[Stored dataset items]
= Beginning of Section =
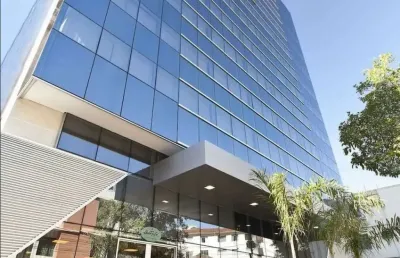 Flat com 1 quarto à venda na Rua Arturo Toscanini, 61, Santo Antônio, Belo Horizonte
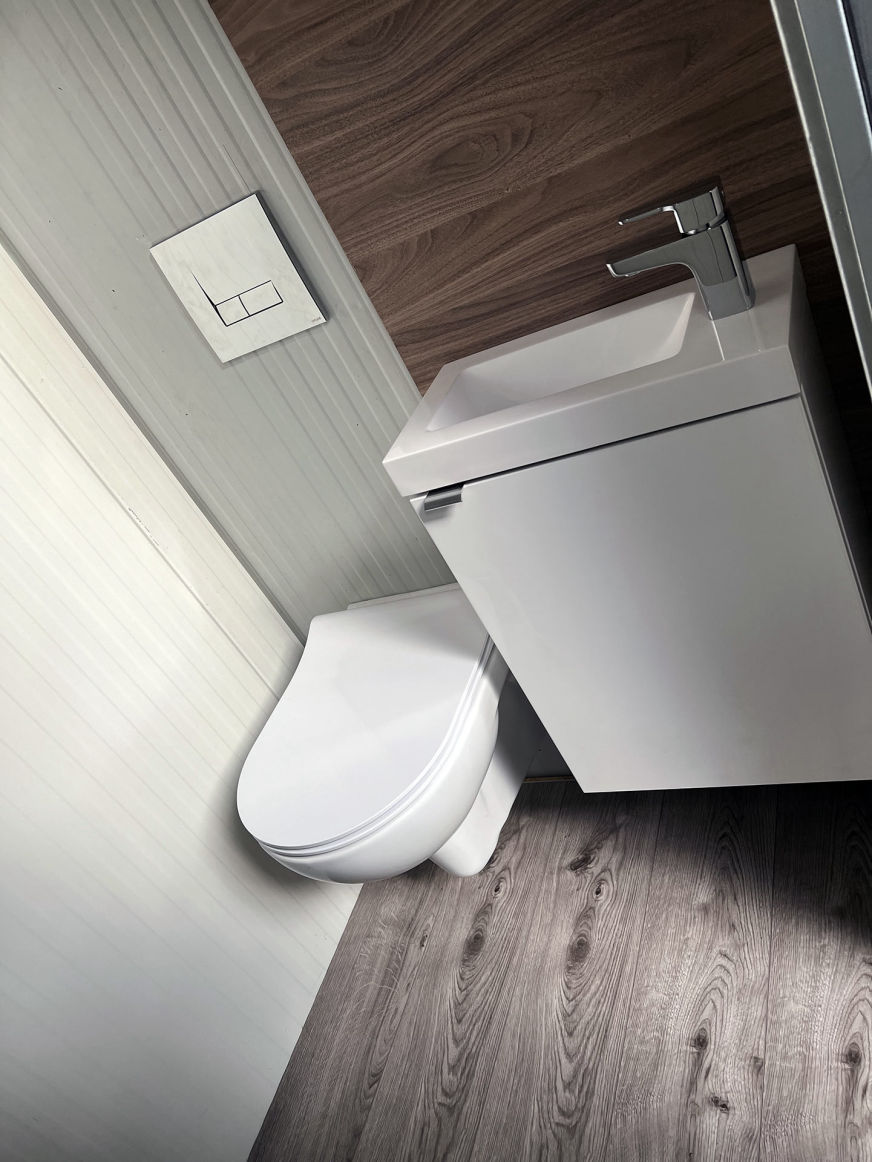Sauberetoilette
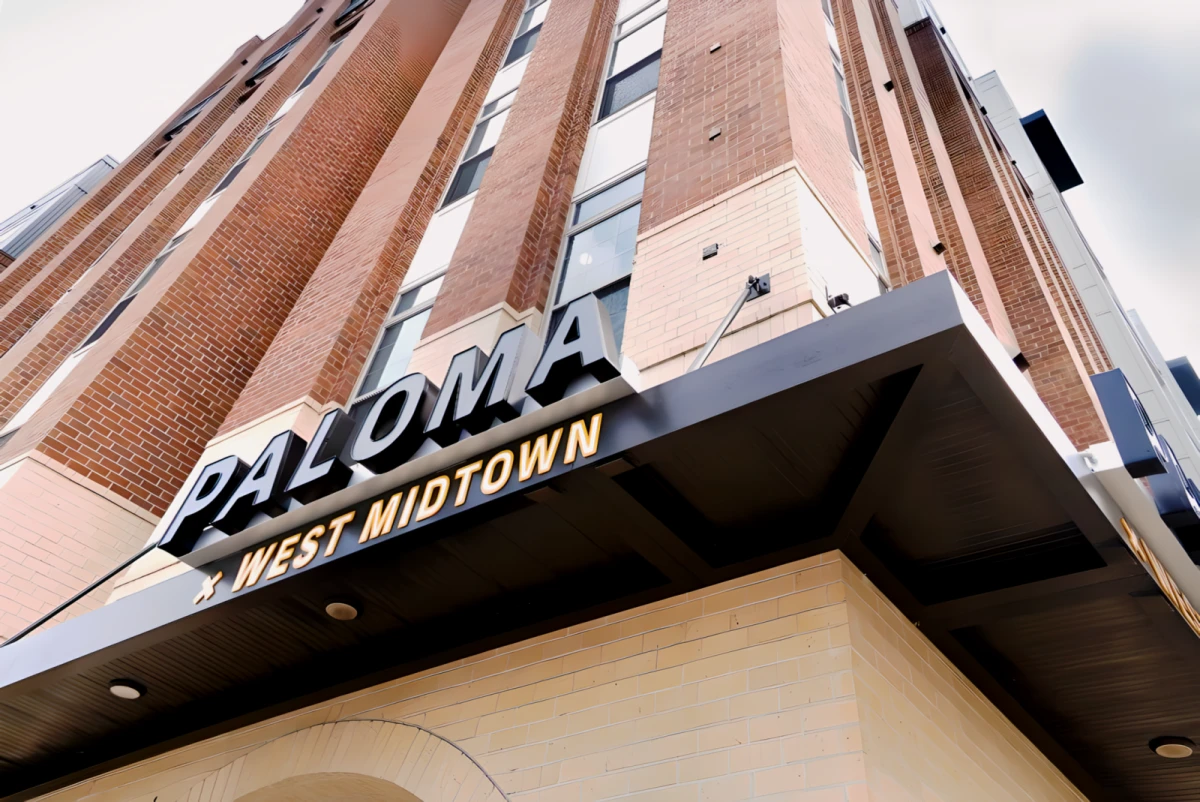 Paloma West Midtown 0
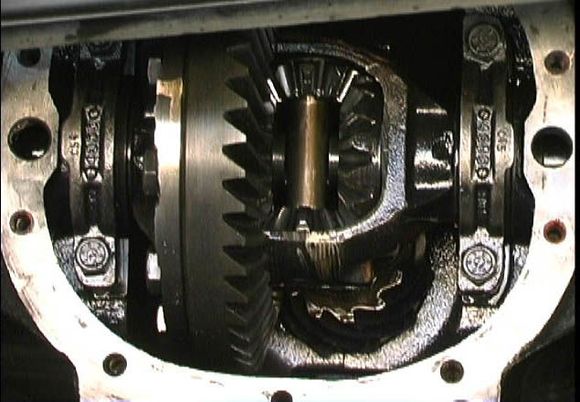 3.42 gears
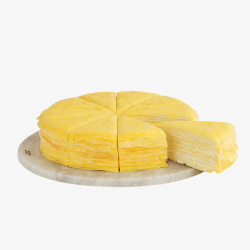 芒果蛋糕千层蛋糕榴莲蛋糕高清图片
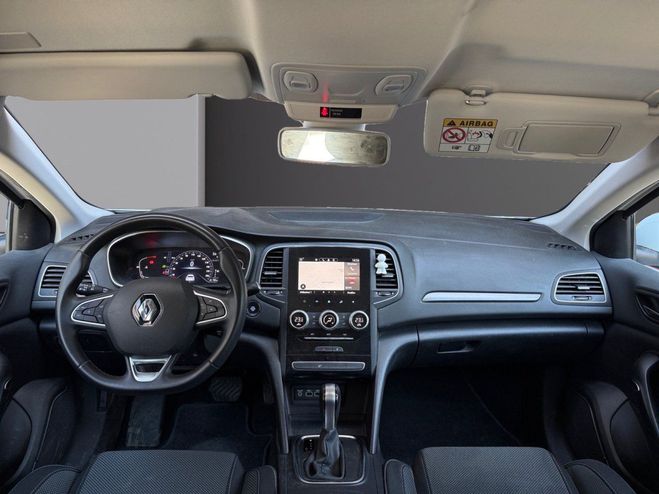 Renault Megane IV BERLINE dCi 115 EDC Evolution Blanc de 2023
= End of Section =
* _WORK ORDER_: Text only, pictures out: give every record again as written.

* _RESPONSE_:
 Flat com 1 quarto à venda na Rua Arturo Toscanini, 61, Santo Antônio, Belo Horizonte
Sauberetoilette
 Paloma West Midtown 0
 3.42 gears
 芒果蛋糕千层蛋糕榴莲蛋糕高清图片
 Renault Megane IV BERLINE dCi 115 EDC Evolution Blanc de 2023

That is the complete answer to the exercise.